While Blair said his team’s defense wasn’t perfect at Municipal Auditorium, it was close. The Aggies forced MU into 20 turnovers and held the Tigers to 44 shot attempts, a season low. Missouri only made 15 of those field goals for 39 points, the second-lowest totals of the season in those categories.
“We’re very confident in our defense, and our defense has been dictating the flow of our games since February, and that’s when we started playing really well,” Texas A&M guard Takia Starks said. “We came out tonight ready to make defensive stops. We say if they can’t catch it, they can’t score. We didn’t want to let them make plays, and it carried over for the whole second half.
“Denying is denying and rebounding is rebounding. No matter who you play, you have to have that mentality.”
This wasn’t the first time the Aggies’ defense gave the Tigers fits. In the teams’ first matchup in January, A&M held MU to 43 points and forced 29 turnovers.
“I thought they were not only the best defensive team in our league, but one of the top five defensive teams in country,” MU coach Cindy Stein said. “You have to play with a lot of poise, and you have to have playmakers.”
Missouri’s playmakers all season have been the trio of Alyssa Hollins, Jessra Johnson and Shakara Jones. The three combined for just 24 points on 10-of-32 shooting, and as it has for much of the season, their struggles meant defeat.
Hollins had a particularly tough time getting loose, finishing with a team-high 11 points on 4-of-16 from the field.
“Everybody knows about their defense, and they were face-guarding me,” she said. “Every time I came off an on-ball screen, there was a trap there. So they were making it tough for me and you’ve got to give it to them, but I still need to knock shots down.”

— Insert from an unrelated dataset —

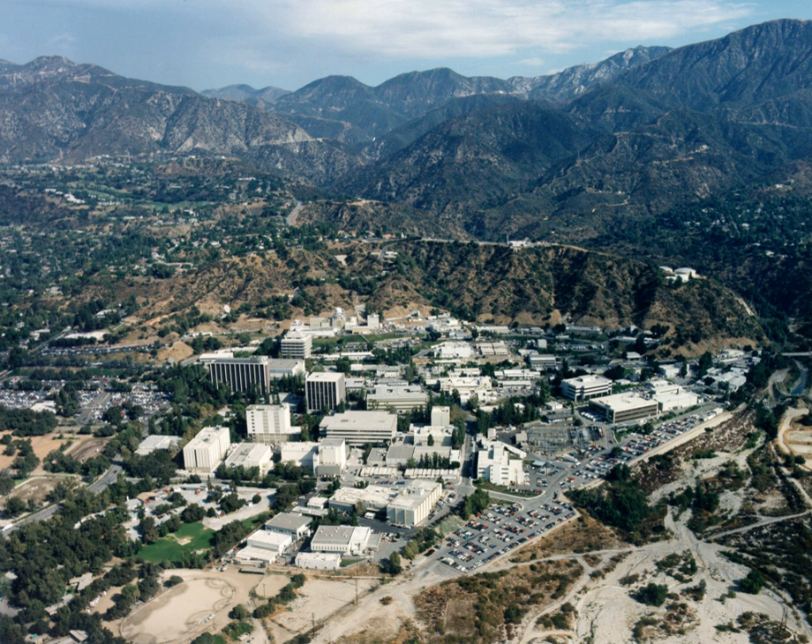The Jet Propulsion Laboratory Science Division investigates physical and chemical processes on the Earth, in the solar system, and throughout the universe. Explorations of space and terrestrial processes lead to understanding of the universe.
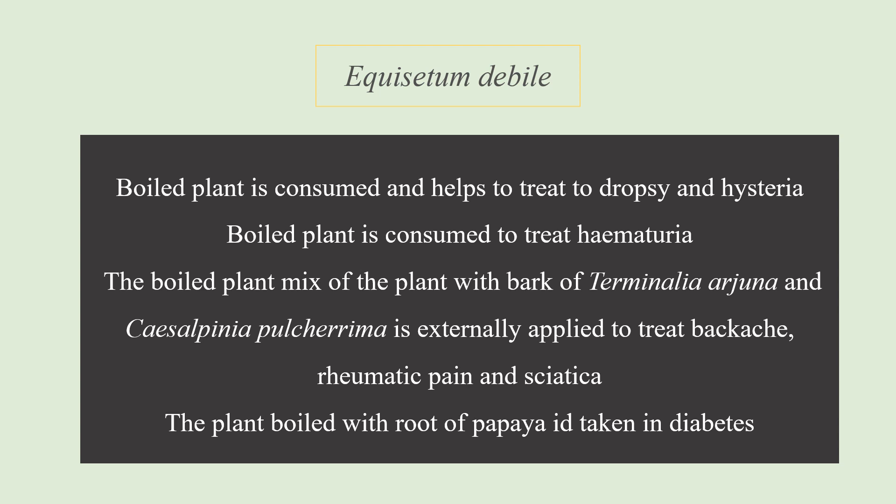The next plant is Eichhornia debile. It has been reported that the boiled plant is consumed and helps to treat dropsy — a condition where there is fluid retention in the body — and hysteria, an emotional disorder where a person experiences intense uncontrollable emotions such as laughing or crying. The boiled plant is also consumed where there is a problem of hematuria.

After an exhausting game like Tuesday’s overtime thriller against Oklahoma, there was very little room for error against Texas A&M. While the Tigers tried to regroup and ride the emotional energy wave for another day, there simply wasn’t enough left in the tank.

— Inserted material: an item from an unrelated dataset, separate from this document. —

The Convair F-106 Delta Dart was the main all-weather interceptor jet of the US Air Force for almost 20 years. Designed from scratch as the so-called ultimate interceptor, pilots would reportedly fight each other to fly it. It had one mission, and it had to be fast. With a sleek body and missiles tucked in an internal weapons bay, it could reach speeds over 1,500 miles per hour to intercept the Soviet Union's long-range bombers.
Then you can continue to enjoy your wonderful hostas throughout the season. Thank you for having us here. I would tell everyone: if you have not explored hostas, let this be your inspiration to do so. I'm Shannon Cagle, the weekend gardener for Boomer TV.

“I feel like we hit a wall in the first half,” Stein said. “You could see it in them. We kind of ran out of juice, but that’s where your depth has to come in and bring that energy. I thought our kids battled, but we just didn’t have the energy we had yesterday.”
Jones, who had 16 points and seven boards in the upset over Oklahoma, could only score four points and grab just two rebounds on Wednesday, well below her season averages.
“Yesterday was a pounding,” Jones said. “I had Courtney Paris on me (for 43 minutes). I wouldn’t say I was fatigued, just a little sore.”
While the Aggies didn’t change their game plan to account for Missouri’s dead legs, Blair knew it might only take a little bit for the Tigers to find the energy to pull off another stunner.
“I really believe that Missouri was just dead tired after that ballgame,” he said. “That’s why it was so important for us to get the lead early on them, before they started doing this David vs. Goliath stuff again.”